At the heart of Hex’s platform is a notebook-style interface that supports Python, SQL, and no-code inputs. This allows its users to analyze data and build models in one place. Its reactive execution system instantly updates all analyses whenever data or logic changes, ensuring accuracy throughout the workflow. This automatic synchronization keeps everything consistent without requiring manual adjustments.
The company also emphasizes accessibility. It enables users to package findings into interactive dashboards and share them with stakeholders through its App Builder feature. AI is deeply embedded in Hex’s platform through its Hex Magic suite, which acts like a smart AI assistant for debugging code and interpreting complex logic.
“For years, the holy grail of data analytics has been a single platform that truly serves both data scientists and business users – without compromise,” said Anu Hariharan of Avra – lead investor of the funding round. “Hex has made that vision a reality by building a tool that’s easy to get started with, but powerful enough for advanced users. By combining the flexibility of notebooks with the accessibility of BI in an AI-native platform, they’ve cracked the code. We’re proud to support Hex as they help usher in the long-awaited data decade.”
The San Francisco-based startup shared that one of the key focus areas for the company now is to redefine analytics workflows in the agentic AI era. According to Hex, it is not enough to just integrate an AI chatbot into the data stack. Hex is pushing for a “virtuous cycle of data work” where different self-serve data tools reinforce each other.

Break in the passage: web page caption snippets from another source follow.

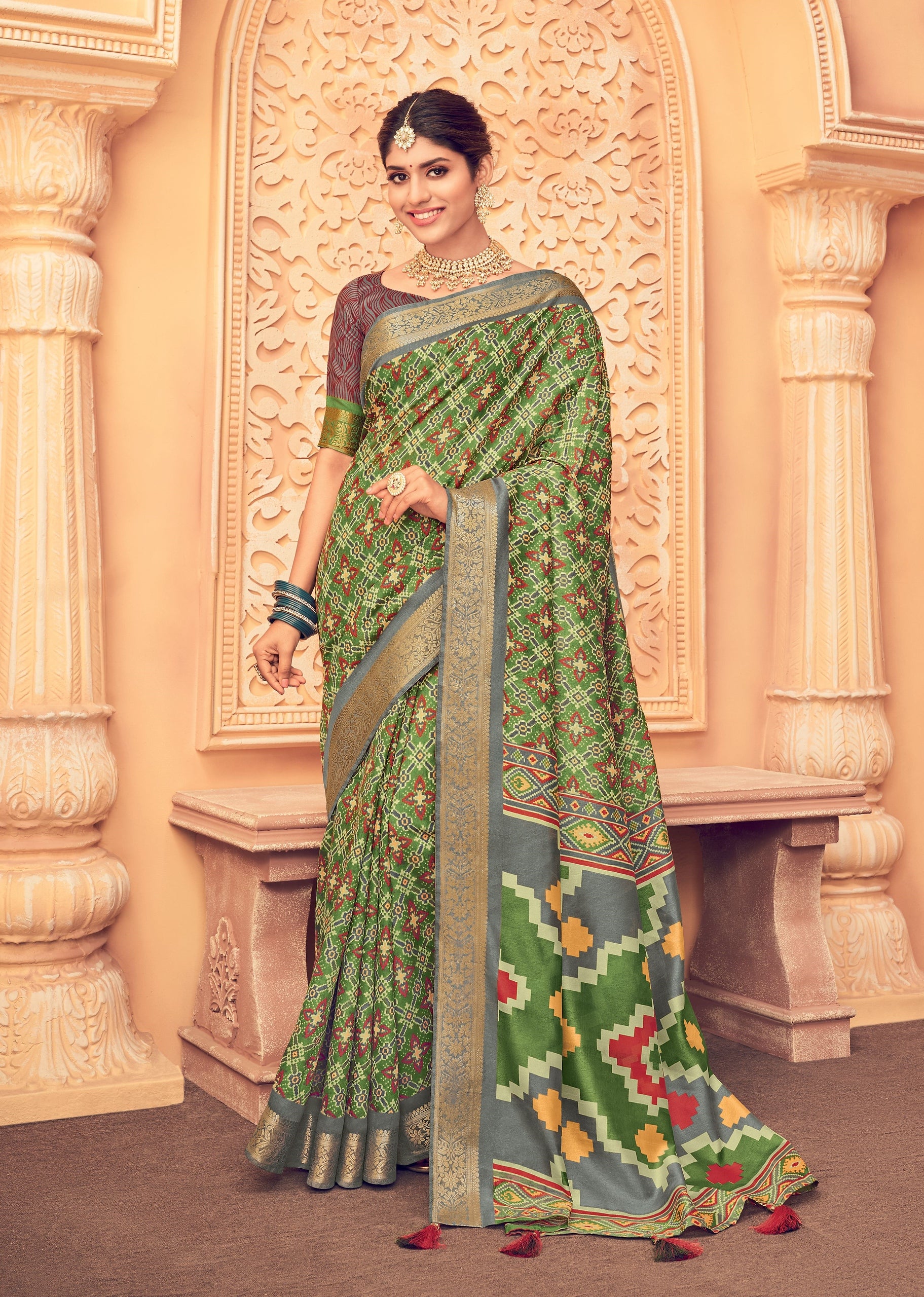 Green Color Bhagalpuri Silk Saree  - Nived Collection YF#21688 - YellowFashion.in by Ozone Shield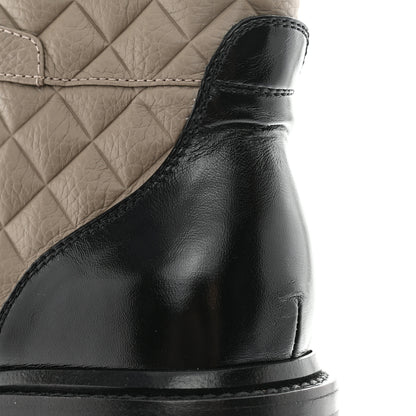 Chanel Calfskin Shiny Calfskin Quilted Lace Up Combat Boots 38.5 Dark Beige Black 11 of 13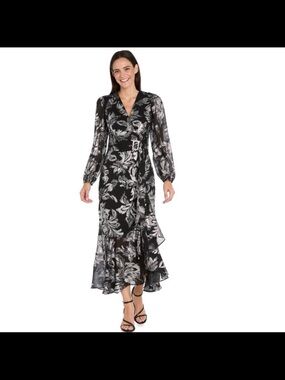 R&M Richards women’s printed ruffle detail maxi dress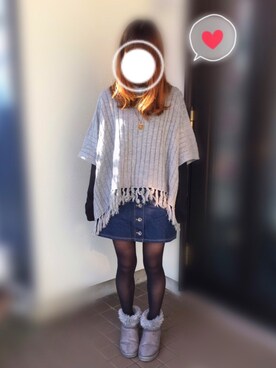 「ムートンブーツ」｜「アイテム（ポンチョ）」を使った、hanon✩さん（レディース・162cm）の冬コーディネート
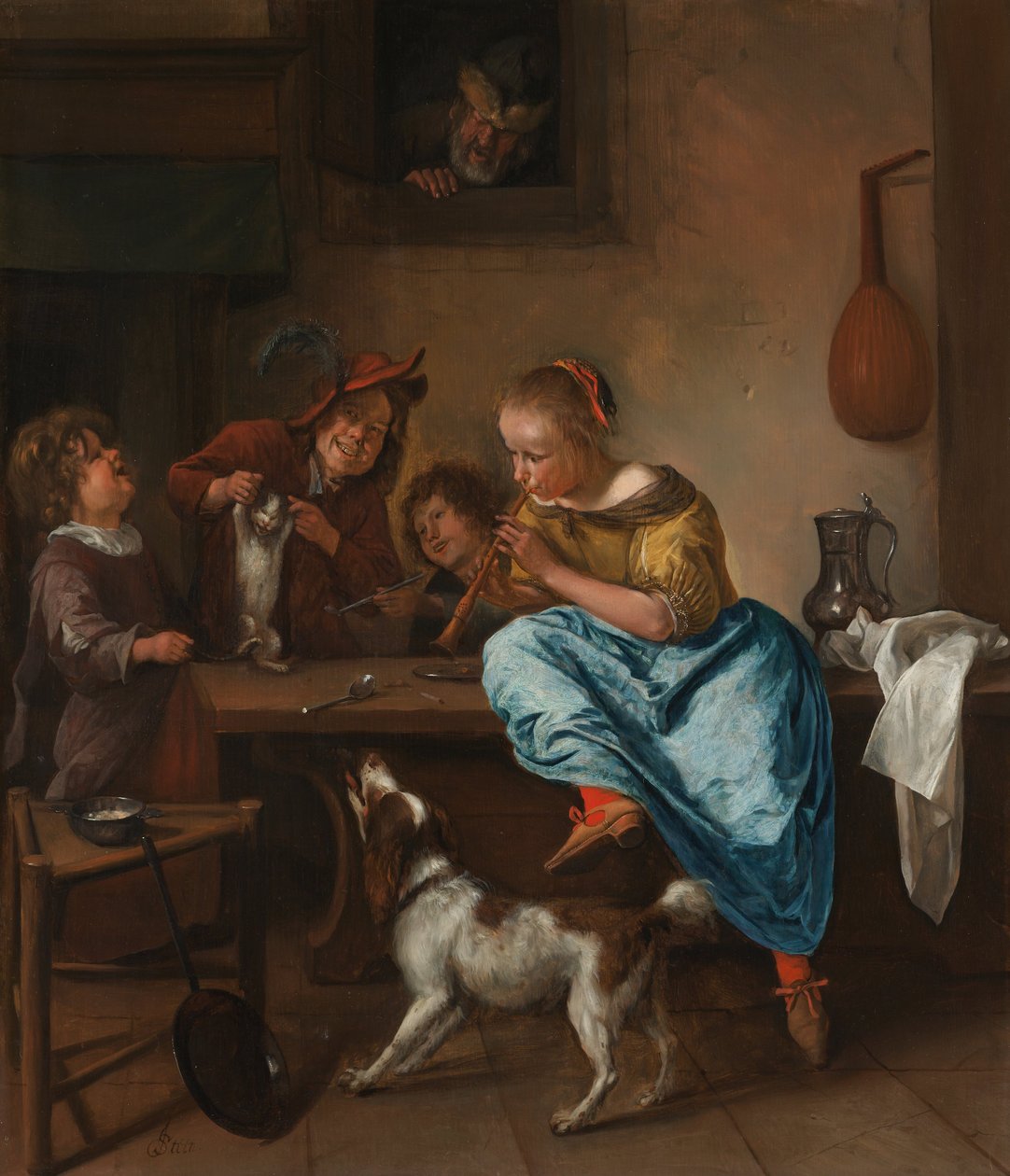猫にダンスを教える子供たち、通称「ダンス・レッスン 作： Jan Steen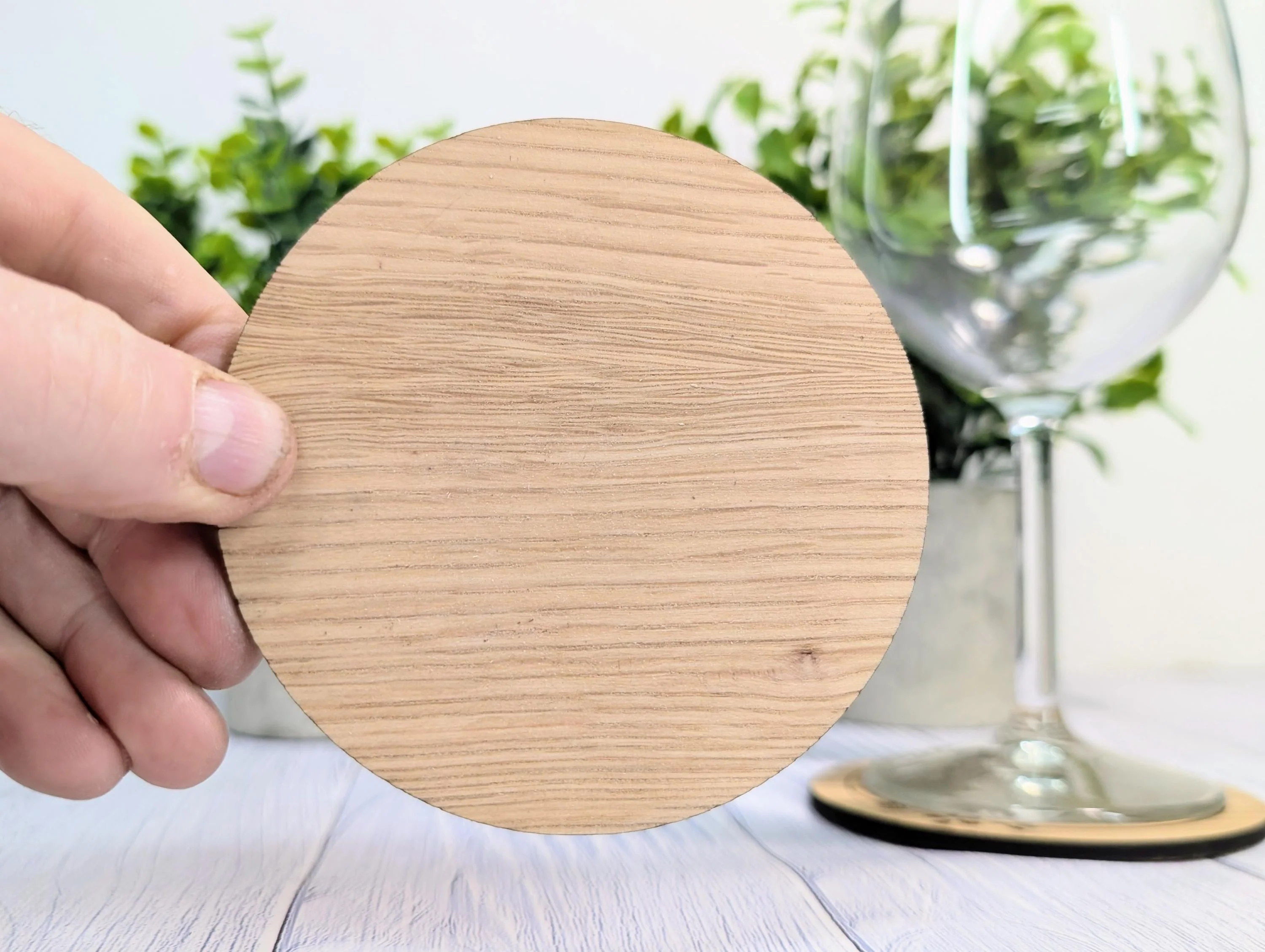 Custom Wooden Coasters – Eco-Friendly Gift, Personalised Text, Engraved Border – Bespoke Sustainable Craft, 100mm Diameter, Coffee & Tea - Image 3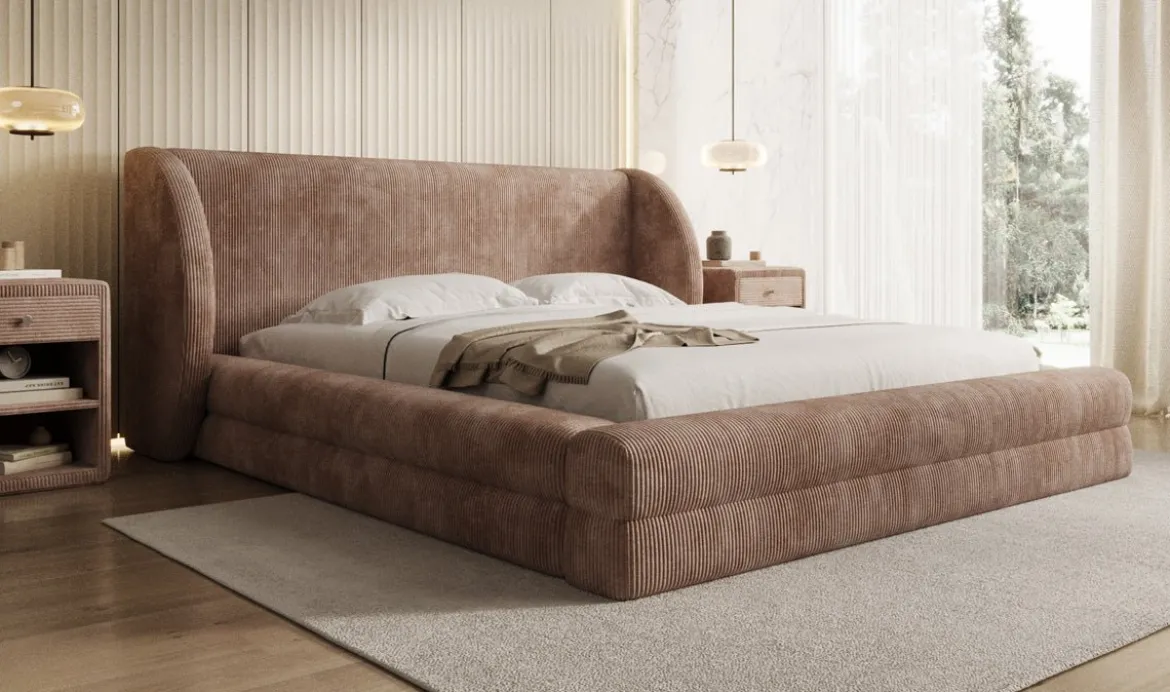 Designer Polsterbett Liv Cord mit Stauraum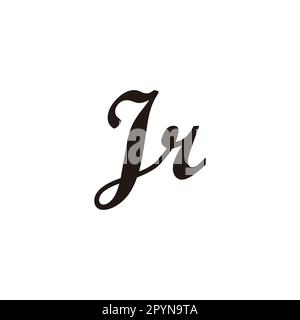 Letter Jr connect geometric symbol simple logo vector Stock Vector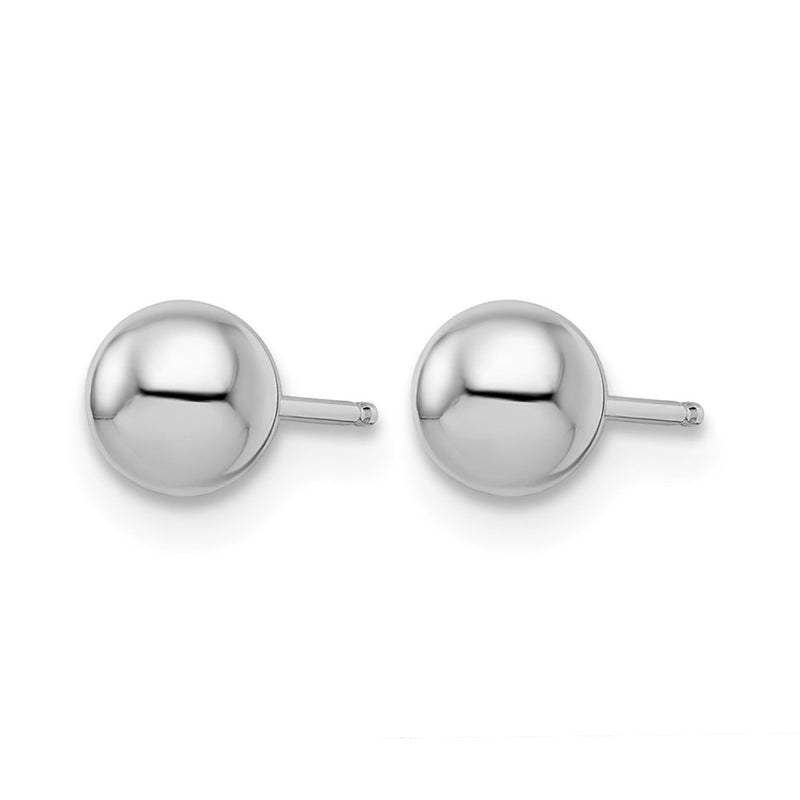 14K White Gold Polished 5mm Ball Post Earrings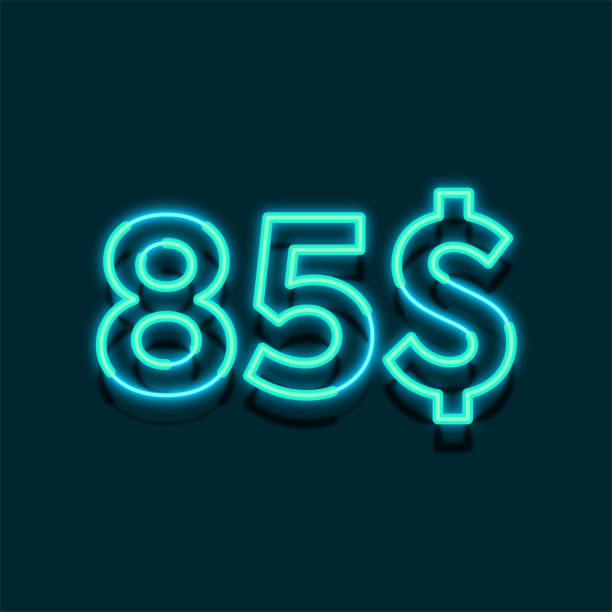 istock Neon Dollars 85$ price symbol design. Enjoy Special offer 85 dollar sign on green background 1399709430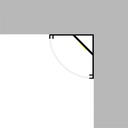 Perfil de aluminio esquina tira led 2 metros NEGRO 12V/24V. Mod. LM3744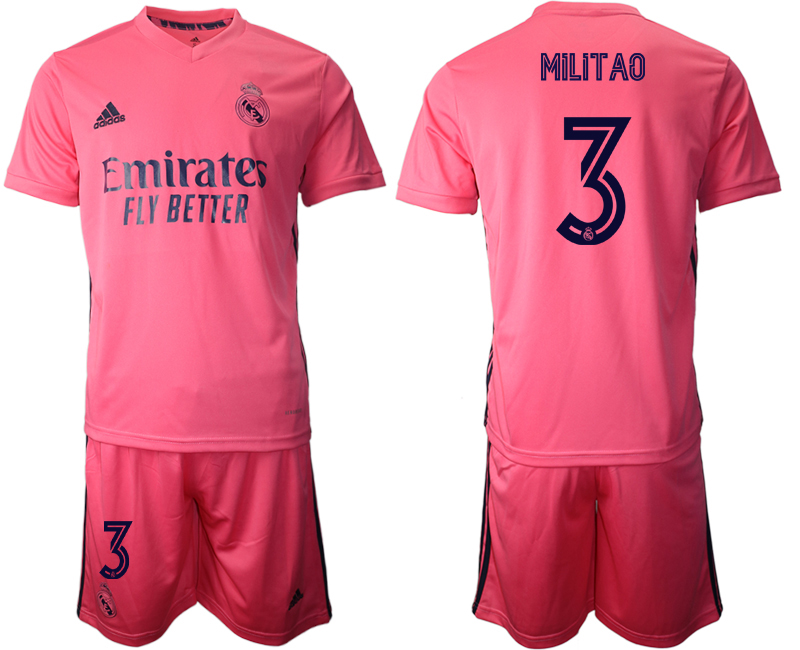 Men 2020-2021 club Real Madrid away #3 pink Soccer Jerseys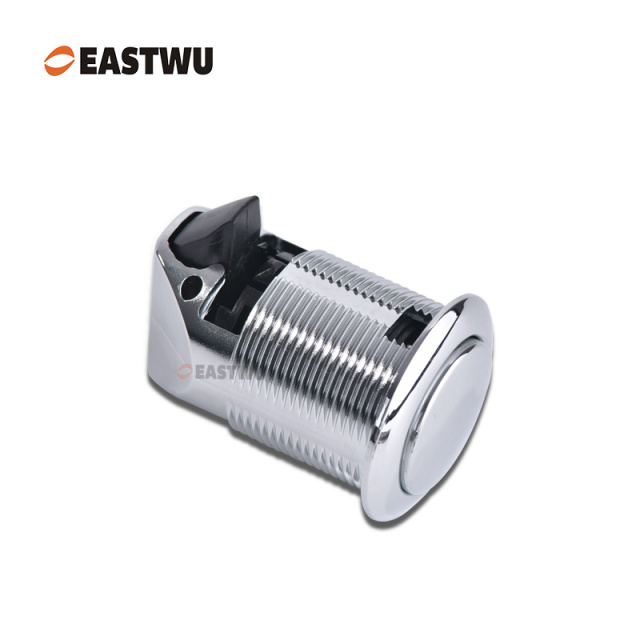 Chrome Push to Close and Turn to Open Push Latch Plastic Cut Out Φ32mm Board Thickness 1~20mm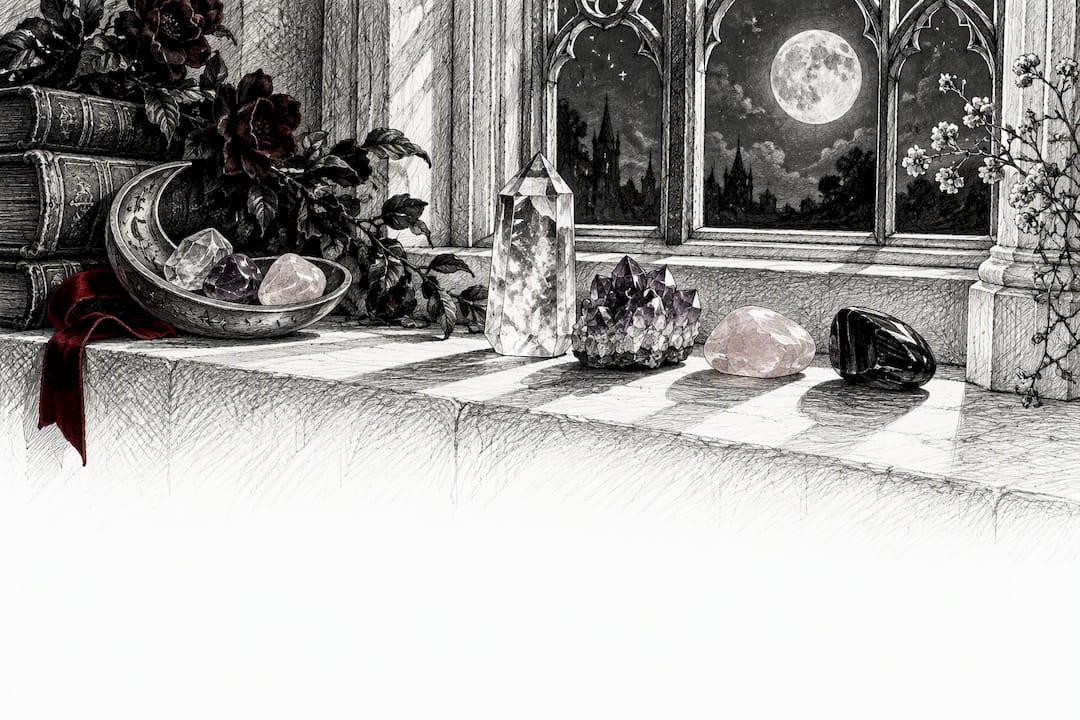 Crystals resting in moonlight by gothic window
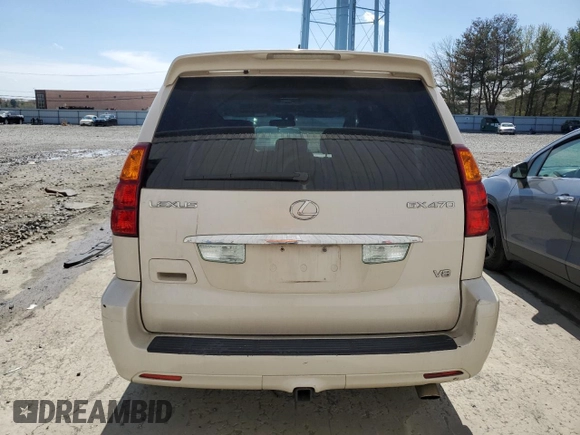 2003 Lexus GX 470 with VIN JTJBT20X430003896, listed as a Copart auction lot 53808295 with 163,376 mi miles and Salvage Title. Bid and sale history available at carsss.com. Image 6.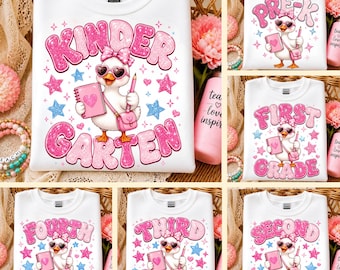 Glitter Duck School PNG Bundle, Pink Sparkle Pre K Kindergarten 1st 2nd 3rd 4th Grade Sublimation Design, Back To School Girl PNG
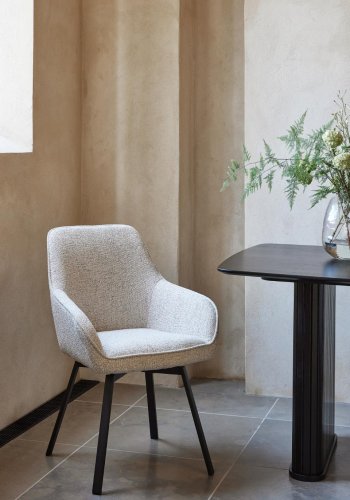 Alma drejestol, m. armln - offwhite melange polyester og sorte ben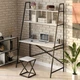 Стол компьютерный письменный с металлическим каркасом в стиле Лофт (Loft) DrevoGoods усиленный, прямой, рабочий для дома и офиса 1000х1800х600мм; металл: Черный; дерево: Бетон + стеллаж с полками без табурета (869|45) - изображение 2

“At Hex, we’ve long believed that our work should compound – that data teams shouldn’t be stuck rerunning the same analyses, only for their insights to disappear into a forgotten notebook or buried slide,” said CEO and co-founder Barry McCardel.
“The industry is finally waking up to what we’ve known all along: the old divide between notebooks and BI is broken. AI-native, unified tools are the future, and Hex is leading the charge to replace the outdated, fragmented data stack once and for all.”
McCardel points out that as the data analytics industry went through waves of consolidation, many of the big tech players, such as Google and Salesforce, integrated analytics tools into their larger enterprise platforms. However, instead of streamlining the data workflows, many of these integrations ended up just folding legacy BI approaches into bigger ecosystems without fixing the core problems.
Now, with AI changing what is possible, the industry is another inflection point. McCardel believes that the next wave of consolidation will be less about acquisition and integration, and more about replacing outdated tools with AI-native platforms that enable organizations to harness their data to its full potential.